In order to view code coverage information, the build will need to be configured with the
\c -fprofile-instr-generate and \c -fcoverage-mapping flags to tell Clang to instrument WiredTiger
with profiling information. It's important that these are added to both the \c CFLAGS and
\c LINKFLAGS variables.

@code
$ cd build_posix/
$ ../configure CC="clang-8" CFLAGS="-fprofile-instr-generate -fcoverage-mapping" LINKFLAGS="-fprofile-instr-generate -fcoverage-mapping"
@endcode

## Step 2: Build and run fuzzer

Build and invoke \c fuzz_run.sh for the desired fuzzer as described in the section above.
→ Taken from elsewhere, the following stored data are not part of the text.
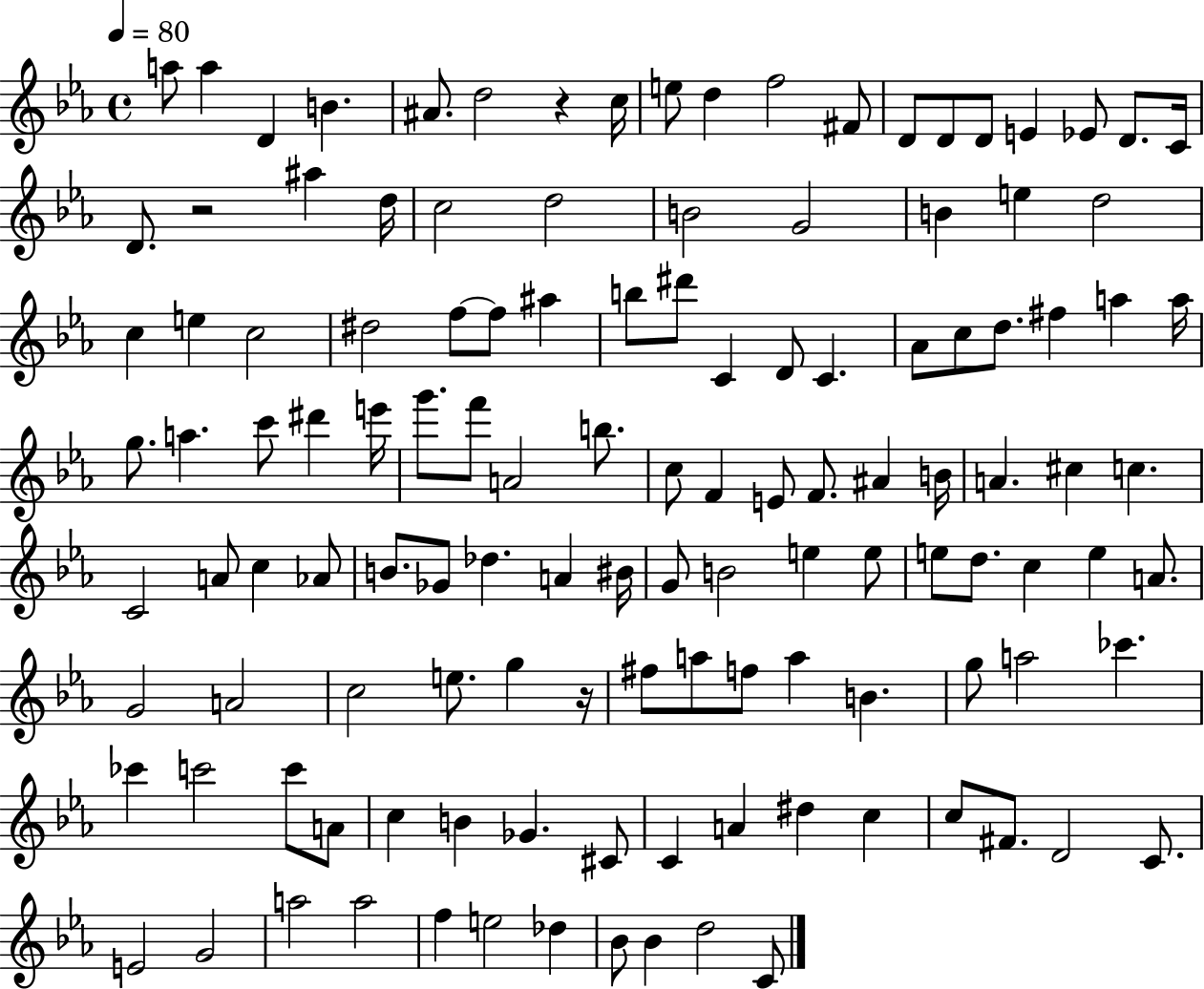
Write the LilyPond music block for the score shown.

{
  \clef treble
  \time 4/4
  \defaultTimeSignature
  \key ees \major
  \tempo 4 = 80
  \repeat volta 2 { a''8 a''4 d'4 b'4. | ais'8. d''2 r4 c''16 | e''8 d''4 f''2 fis'8 | d'8 d'8 d'8 e'4 ees'8 d'8. c'16 | \break d'8. r2 ais''4 d''16 | c''2 d''2 | b'2 g'2 | b'4 e''4 d''2 | \break c''4 e''4 c''2 | dis''2 f''8~~ f''8 ais''4 | b''8 dis'''8 c'4 d'8 c'4. | aes'8 c''8 d''8. fis''4 a''4 a''16 | \break g''8. a''4. c'''8 dis'''4 e'''16 | g'''8. f'''8 a'2 b''8. | c''8 f'4 e'8 f'8. ais'4 b'16 | a'4. cis''4 c''4. | \break c'2 a'8 c''4 aes'8 | b'8. ges'8 des''4. a'4 bis'16 | g'8 b'2 e''4 e''8 | e''8 d''8. c''4 e''4 a'8. | \break g'2 a'2 | c''2 e''8. g''4 r16 | fis''8 a''8 f''8 a''4 b'4. | g''8 a''2 ces'''4. | \break ces'''4 c'''2 c'''8 a'8 | c''4 b'4 ges'4. cis'8 | c'4 a'4 dis''4 c''4 | c''8 fis'8. d'2 c'8. | \break e'2 g'2 | a''2 a''2 | f''4 e''2 des''4 | bes'8 bes'4 d''2 c'8 | \break } \bar "|."
}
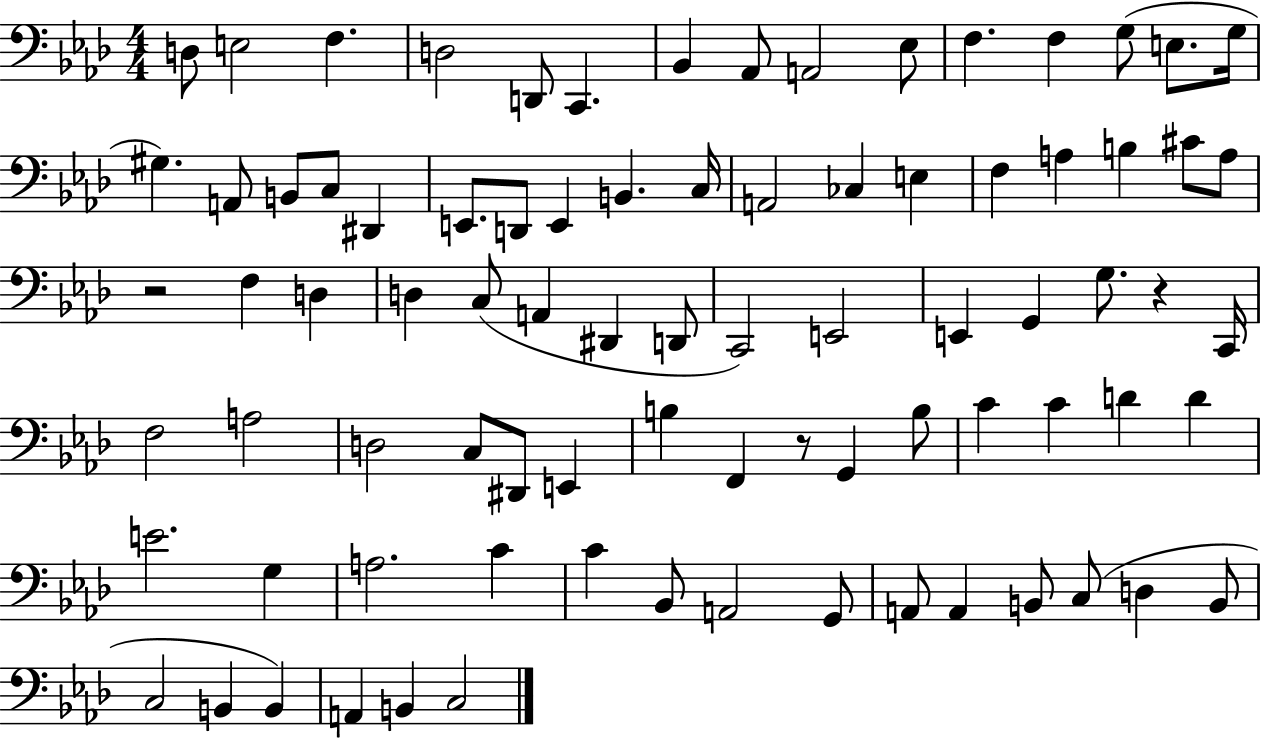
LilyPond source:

{
  \clef bass
  \numericTimeSignature
  \time 4/4
  \key aes \major
  \repeat volta 2 { d8 e2 f4. | d2 d,8 c,4. | bes,4 aes,8 a,2 ees8 | f4. f4 g8( e8. g16 | \break gis4.) a,8 b,8 c8 dis,4 | e,8. d,8 e,4 b,4. c16 | a,2 ces4 e4 | f4 a4 b4 cis'8 a8 | \break r2 f4 d4 | d4 c8( a,4 dis,4 d,8 | c,2) e,2 | e,4 g,4 g8. r4 c,16 | \break f2 a2 | d2 c8 dis,8 e,4 | b4 f,4 r8 g,4 b8 | c'4 c'4 d'4 d'4 | \break e'2. g4 | a2. c'4 | c'4 bes,8 a,2 g,8 | a,8 a,4 b,8 c8( d4 b,8 | \break c2 b,4 b,4) | a,4 b,4 c2 | } \bar "|."
}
## Step 3: Generate code coverage information

After running the fuzzer with Clang coverage switched on, there should be a number of \c profraw
files in the working directory.

Those files contain the raw profiling data however, some post-processing is required to get it into
a readable form. WiredTiger provides a script called \c fuzz_coverage.sh that handles this. It
expects to be called from the same directory that the fuzzer was executed in.

@code
$ cd build_posix/test/fuzz
$ bash ../../../test/fuzz/fuzz_coverage.sh ./fuzz_modify
@endcode

In general the usage is:

@code
fuzz_coverage.sh <fuzz-test-binary>
@endcode

The \c fuzz_coverage.sh script produces a few outputs:

- \c <fuzz-test-binary>_cov.txt: A coverage report in text format. It can be inspected with the
\c less command and searched for functions of interest. The numbers on the left of each line of code
indicate how many times they were hit in the fuzzer.
- \c <fuzz-test-binary>_cov.html: A coverage report in html format. If a web browser is available,
this might be a nicer way to visualize the coverage.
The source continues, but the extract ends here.